Results and Where It Breaks

I tested the pipeline on Set14, BSD100, and a subset of DIV2K at a 4x downscaling ratio, extracting sub-images at 50x50, 100x100, and 200x200 output sizes. The recovered regions scored 30.8 dB PSNR and 0.84 SSIM against ground truth crops — not pixel-perfect, but the error concentrates at the edges of the bounding box where SIFT keypoints do not land exactly on the image boundary, and for SR training that edge imprecision is tolerable.

The pipeline fails predictably in three cases. Uniform textures like sky regions produce almost no SIFT keypoints, so there is nothing to match. Extreme downscaling ratios (8x or higher) make SIFT descriptors unreliable because the low-res version of a feature patch has lost too much information. And repetitive patterns — brick walls, grids, tiled floors — produce many ambiguous matches that my geometric filtering cannot always resolve. The brick wall failure was the one that convinced me cross-checking was non-negotiable; without it, a brick wall image would produce a confident-looking but completely wrong bounding box.

The 900-Line File

The image_preprocessing/ directory in my CS 497 repo ended up containing 14+ files and something like 900 lines of Python, which is a lot of code for what amounts to “find where this small image lives inside this big image.” Most of that line count came from three months of iterative development: functions that exist because I needed them once during debugging and never deleted them, commented-out print statements from when I was tracing why a particular image produced nonsensical corner coordinates, helper utilities for visualization that I wrote to convince myself the pipeline was working before I automated it. The variable naming alone — good_image, bad_image, good_match_kpl, bad_match_kpindexl — tells you this code was written by someone solving the problem in real time, not someone writing for an audience.

(There are approximately forty blank lines in a row in the middle of the original file. I do not remember why. I suspect I was using whitespace as a section divider, which is the kind of organizational strategy that feels perfectly reasonable at 2 AM and completely unhinged in the morning.)

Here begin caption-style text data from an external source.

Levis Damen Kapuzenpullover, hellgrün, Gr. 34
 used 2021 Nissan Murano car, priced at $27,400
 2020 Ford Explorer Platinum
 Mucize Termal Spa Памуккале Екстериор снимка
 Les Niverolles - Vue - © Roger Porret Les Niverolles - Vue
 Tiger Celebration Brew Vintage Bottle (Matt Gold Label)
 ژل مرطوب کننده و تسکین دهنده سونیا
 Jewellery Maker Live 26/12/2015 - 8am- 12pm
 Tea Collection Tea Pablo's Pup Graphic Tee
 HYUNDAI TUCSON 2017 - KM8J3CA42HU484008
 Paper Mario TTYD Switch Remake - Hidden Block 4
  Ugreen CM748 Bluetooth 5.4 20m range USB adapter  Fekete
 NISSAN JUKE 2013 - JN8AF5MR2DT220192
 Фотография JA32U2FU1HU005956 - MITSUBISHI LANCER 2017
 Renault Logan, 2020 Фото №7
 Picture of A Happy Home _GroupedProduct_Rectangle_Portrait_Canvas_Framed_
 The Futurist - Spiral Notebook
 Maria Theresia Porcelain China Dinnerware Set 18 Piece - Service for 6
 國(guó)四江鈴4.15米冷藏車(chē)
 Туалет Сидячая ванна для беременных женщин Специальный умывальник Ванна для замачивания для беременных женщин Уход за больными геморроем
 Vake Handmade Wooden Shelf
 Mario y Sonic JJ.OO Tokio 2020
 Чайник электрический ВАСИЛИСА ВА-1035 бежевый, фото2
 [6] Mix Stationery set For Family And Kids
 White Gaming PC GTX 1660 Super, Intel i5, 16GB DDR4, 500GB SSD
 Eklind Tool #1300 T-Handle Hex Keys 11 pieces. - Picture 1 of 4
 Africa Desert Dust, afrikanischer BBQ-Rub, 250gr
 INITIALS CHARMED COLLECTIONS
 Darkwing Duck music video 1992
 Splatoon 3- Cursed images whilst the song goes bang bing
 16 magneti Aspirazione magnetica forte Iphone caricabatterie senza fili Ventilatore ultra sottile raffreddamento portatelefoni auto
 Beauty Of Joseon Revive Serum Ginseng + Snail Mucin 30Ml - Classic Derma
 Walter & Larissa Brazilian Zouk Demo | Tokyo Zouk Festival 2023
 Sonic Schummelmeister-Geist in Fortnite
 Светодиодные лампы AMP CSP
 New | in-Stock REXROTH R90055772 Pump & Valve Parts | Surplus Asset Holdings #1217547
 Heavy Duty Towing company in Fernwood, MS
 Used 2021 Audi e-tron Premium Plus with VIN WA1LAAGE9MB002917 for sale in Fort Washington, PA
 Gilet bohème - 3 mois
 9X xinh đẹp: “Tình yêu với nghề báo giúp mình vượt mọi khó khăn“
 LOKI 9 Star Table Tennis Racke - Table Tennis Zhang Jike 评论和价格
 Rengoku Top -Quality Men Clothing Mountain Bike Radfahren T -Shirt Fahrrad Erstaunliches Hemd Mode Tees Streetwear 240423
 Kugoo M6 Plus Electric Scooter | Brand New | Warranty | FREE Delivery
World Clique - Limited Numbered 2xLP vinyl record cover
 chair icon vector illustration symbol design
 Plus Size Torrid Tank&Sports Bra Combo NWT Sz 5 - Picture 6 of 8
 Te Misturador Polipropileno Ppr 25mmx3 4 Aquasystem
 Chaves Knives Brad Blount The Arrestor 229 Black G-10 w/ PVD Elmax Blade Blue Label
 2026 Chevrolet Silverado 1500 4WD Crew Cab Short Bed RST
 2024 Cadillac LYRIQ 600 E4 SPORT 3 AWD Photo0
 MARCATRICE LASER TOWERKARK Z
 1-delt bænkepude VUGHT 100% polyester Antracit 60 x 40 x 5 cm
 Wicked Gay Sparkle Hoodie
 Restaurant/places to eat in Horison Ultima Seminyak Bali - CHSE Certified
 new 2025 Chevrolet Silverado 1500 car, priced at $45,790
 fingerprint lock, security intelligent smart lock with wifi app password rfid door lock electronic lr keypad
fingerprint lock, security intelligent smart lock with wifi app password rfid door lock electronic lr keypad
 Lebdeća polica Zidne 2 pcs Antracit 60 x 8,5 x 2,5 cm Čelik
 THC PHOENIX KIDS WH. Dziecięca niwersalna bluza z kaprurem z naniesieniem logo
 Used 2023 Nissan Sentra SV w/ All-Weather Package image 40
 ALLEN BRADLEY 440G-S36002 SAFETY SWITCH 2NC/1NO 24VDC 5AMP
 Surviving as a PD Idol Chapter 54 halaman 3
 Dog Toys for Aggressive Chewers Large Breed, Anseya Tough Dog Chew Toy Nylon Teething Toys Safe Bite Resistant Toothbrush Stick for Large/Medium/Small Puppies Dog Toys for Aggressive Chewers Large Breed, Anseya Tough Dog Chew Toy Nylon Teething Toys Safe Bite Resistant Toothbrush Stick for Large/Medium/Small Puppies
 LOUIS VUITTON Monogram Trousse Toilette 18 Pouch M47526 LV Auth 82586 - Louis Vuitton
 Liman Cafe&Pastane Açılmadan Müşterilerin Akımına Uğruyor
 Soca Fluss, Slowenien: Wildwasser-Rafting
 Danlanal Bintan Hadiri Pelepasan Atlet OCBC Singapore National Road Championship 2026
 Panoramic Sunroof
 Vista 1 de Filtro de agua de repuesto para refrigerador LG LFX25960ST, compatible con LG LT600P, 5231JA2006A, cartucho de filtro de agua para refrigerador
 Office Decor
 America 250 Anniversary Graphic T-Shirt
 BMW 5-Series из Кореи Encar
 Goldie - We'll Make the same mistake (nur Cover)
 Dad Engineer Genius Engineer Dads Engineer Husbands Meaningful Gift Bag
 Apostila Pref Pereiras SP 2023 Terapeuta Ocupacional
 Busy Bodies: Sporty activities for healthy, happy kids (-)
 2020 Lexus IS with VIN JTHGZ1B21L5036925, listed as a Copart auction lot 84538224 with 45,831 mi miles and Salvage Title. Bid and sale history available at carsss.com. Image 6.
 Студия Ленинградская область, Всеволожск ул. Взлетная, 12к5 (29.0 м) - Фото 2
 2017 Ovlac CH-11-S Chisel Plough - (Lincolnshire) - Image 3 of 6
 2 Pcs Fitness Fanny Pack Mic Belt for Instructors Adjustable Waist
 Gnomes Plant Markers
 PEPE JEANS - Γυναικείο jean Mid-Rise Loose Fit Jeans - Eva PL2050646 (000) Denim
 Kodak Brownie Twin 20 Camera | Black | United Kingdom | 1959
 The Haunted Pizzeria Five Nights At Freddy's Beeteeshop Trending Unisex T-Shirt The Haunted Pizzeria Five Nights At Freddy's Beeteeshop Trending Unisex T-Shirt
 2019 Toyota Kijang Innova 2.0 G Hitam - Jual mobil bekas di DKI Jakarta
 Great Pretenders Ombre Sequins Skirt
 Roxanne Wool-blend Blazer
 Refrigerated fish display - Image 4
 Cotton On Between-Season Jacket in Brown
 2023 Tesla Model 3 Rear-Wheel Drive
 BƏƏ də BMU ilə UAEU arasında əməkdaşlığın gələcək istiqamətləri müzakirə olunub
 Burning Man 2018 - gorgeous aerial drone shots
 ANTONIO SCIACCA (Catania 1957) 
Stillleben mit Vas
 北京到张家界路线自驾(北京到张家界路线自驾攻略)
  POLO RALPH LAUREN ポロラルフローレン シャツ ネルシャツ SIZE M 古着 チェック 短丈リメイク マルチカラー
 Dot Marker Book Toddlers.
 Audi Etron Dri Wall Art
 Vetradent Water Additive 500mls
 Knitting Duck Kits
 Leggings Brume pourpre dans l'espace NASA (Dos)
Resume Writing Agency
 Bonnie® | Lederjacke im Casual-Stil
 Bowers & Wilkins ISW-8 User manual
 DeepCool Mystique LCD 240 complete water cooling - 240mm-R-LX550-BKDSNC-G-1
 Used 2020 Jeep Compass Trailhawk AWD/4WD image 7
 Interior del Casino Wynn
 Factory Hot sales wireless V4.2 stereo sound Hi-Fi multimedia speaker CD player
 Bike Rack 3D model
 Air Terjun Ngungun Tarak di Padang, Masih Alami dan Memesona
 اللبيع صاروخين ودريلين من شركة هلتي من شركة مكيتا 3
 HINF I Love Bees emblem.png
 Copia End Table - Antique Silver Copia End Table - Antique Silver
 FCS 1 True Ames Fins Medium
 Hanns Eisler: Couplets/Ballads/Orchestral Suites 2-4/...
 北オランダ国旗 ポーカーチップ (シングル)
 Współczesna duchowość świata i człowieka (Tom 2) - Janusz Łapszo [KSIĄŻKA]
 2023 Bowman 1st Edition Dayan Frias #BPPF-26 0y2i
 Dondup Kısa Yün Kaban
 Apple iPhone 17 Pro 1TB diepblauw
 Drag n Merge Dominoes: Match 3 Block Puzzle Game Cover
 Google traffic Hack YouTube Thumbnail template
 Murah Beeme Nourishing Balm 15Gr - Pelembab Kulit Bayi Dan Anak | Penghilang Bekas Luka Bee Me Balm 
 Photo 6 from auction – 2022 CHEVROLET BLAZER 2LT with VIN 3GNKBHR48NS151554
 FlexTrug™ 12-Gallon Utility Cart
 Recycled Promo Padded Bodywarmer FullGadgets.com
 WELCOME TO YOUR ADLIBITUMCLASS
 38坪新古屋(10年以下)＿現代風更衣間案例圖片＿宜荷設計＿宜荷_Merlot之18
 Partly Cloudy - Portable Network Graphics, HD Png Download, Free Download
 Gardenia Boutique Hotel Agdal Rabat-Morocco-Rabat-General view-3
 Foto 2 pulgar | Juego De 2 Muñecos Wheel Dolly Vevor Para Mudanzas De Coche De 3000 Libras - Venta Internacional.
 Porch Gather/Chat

The refactored version separates detection, matching, localization, and visualization into clean modules, uses Lowe’s ratio test instead of my homebrew distance-ratio filter, and delegates to cv2.findHomography for the geometric estimation. The original version works, the refactored version works better, and the three months between them taught me that the difference between “working prototype” and “production pipeline” is mostly error handling and the willingness to delete code that solved yesterday’s problem.

What This Is Actually For

The primary application is what I described at the top: creating SR training datasets from dual-camera setups where both cameras capture the same scene at different resolutions. Mount the two cameras, capture frames, run SIFT matching to find corresponding regions, extract pixel-aligned crops, and train on real degradation patterns instead of synthetic bicubic downsampling. The same technique works for unpaired dataset alignment — matching low-res images of unknown provenance to their high-res counterparts — and for image forensics, where you want to determine where a cropped region came from within a larger photograph.

SIFT is a 2004 algorithm. There are learned feature matchers now — SuperPoint, SuperGlue, LightGlue — that would handle the textureless and repetitive-pattern failure cases better than SIFT does, at the cost of needing a GPU and substantially more setup. For this specific problem, where the primary challenge is scale invariance and the images are natural scenes with reasonable feature density, the 18-year-old algorithm worked. I wrote a research paper about it (5 pages, 18 references) and moved on to the next thing, and the lesson I took away was not about SIFT specifically but about the value of reaching for the well-understood tool before the impressive one.